If there’s anyone capable of convincingly reviving the past, it’s Petty, whose unmistakable nasally warble somehow sounds exactly the same as it did in 1976. Evoking an old-school ’70s LP, Hypnotic Eye’s 11 tracks clock in at a snappy 45 minutes, and other than the awkward dad-style adoption of text language for the title of “U Get Me High,” there’s virtually nothing on the album that suggests the band has spent more than a few minutes listening to any music that’s come out since they released their debut. But not only does Petty no longer have the outlook of a 25-year-old (and why should he?), he seems to have lost the desire to write happy or uptempo songs.

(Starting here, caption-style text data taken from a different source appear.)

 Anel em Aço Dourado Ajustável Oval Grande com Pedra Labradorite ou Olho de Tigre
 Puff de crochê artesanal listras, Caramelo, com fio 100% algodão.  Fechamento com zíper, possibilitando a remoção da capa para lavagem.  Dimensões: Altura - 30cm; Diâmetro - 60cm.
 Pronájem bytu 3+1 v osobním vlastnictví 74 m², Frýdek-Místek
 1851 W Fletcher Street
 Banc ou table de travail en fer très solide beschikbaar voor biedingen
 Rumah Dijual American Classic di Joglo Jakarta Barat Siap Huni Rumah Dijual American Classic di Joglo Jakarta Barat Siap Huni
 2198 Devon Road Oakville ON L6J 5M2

There’s exactly one song here that strikes a perfect balance between orneriness and youthful vigor: The flawlessly constructed opening track, “American Dream Plan B,” which alternates between caustic, growling verses led by a low, gurgling guitar riff and strident, optimistic choruses before ceding to a folksy mandolin adorned break straight off of Full Moon Fever. And like any classic Heartbreakers tune, it highlights the subtle instrumental deftness of Petty’s sidemen: The inimitable Benmont Tench, still one of rock’s great complementary keyboard players, doubles the verse riff with some spooky low-end piano, and guitarist Mike Campbell punctuates the choruses with the same kind of simple-yet-catchy four-note lick that’s always been his bread and butter.

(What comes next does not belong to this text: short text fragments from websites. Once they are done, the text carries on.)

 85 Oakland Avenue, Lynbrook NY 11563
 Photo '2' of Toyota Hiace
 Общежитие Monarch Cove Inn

Unfortunately, the buoyancy of those choruses—that bright, all-American sound that we all listen to Tom Petty for in the first place—is pretty much nowhere to be found throughout the remainder of the album. That goes for the music as well as the lyrics, which deal with topics such as mortality, regret, and the fact that people are sometimes assholes. The band’s pronounced crabbiness works most of the time. “Fault Lines,” the album’s only Petty/Campbell co-write, starts off sounding like something Santana would have performed at Woodstock, but Petty’s nervous vocal melody and straightforwardly reflective lyrics (“I got a few of my own fault lines/Running under my life”) give it an unexpected edge. Elsewhere, “Red River” and “All You Can Carry” may be somewhat brooding in comparison to the band’s early work, but they cash in on strong, tough ’70s riffs and indelible hooks.

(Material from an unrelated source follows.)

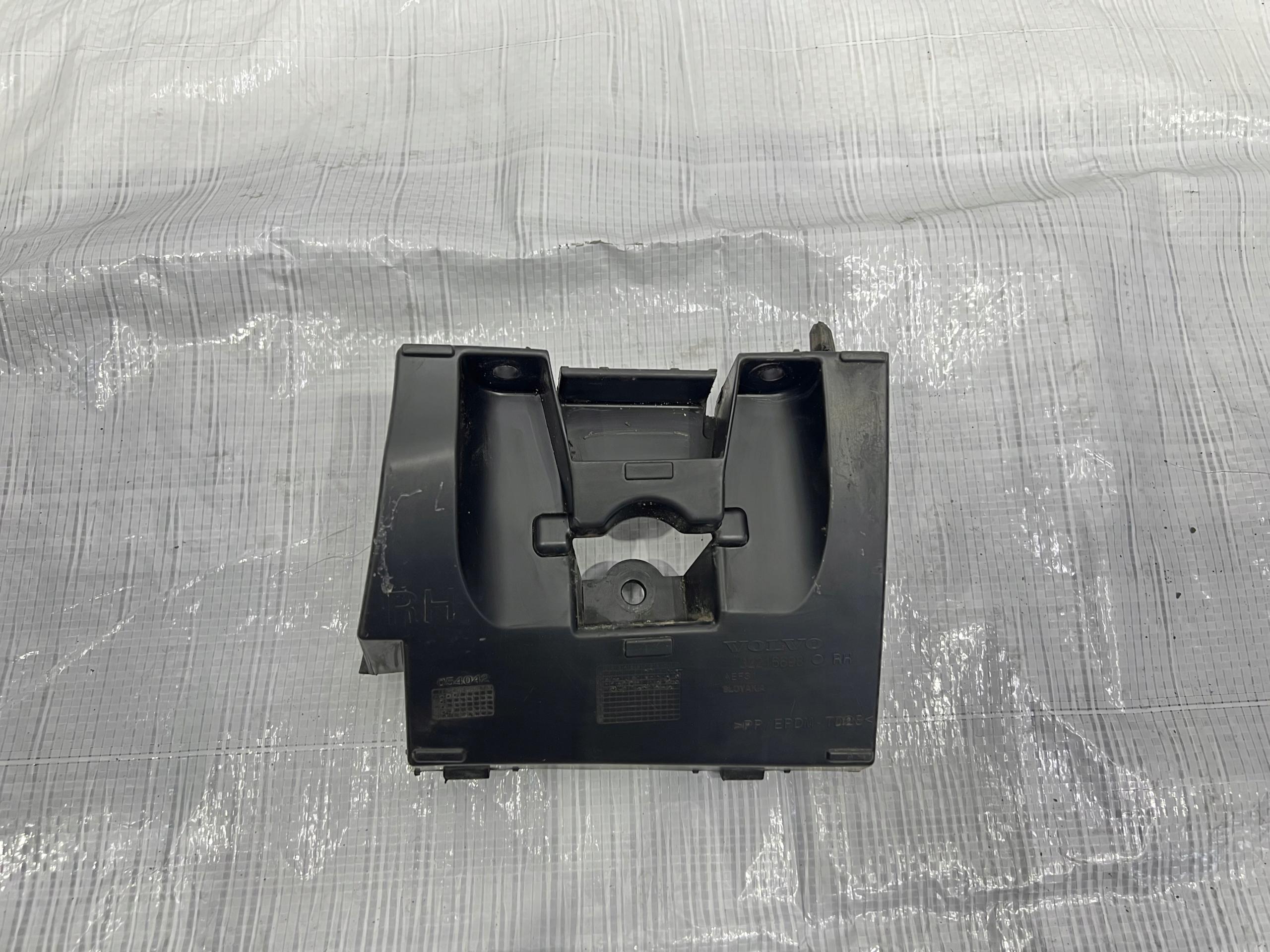 VOLVO XC60 II B4 брызговик правый 32216698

But by the time the second half of the album rolls around, the near-constant procession of sluggish tempos and downbeat refrains begins to wear. The slinky “Sins of My Youth” is a lifeless attempt at lounge music; “Power Drunk” is a dreary and pointless rehash of Dylan’s “Gotta Serve Somebody”; and the lengthy closer “Shadow People” runs its riff into the ground as Petty hurls some mild invective at gun-totin’ Tea Party types (“And this one carries a gun for the U.S.A./He’s a 21st-century man/And he’s scary as hell/’Cause when he’s afraid/He’ll destroy everything he don’t understand”). These missteps aren’t enough to erase the positive impression of Hypnotic Eye’s best moments, but they may cause you to wish that Petty would just lighten up already.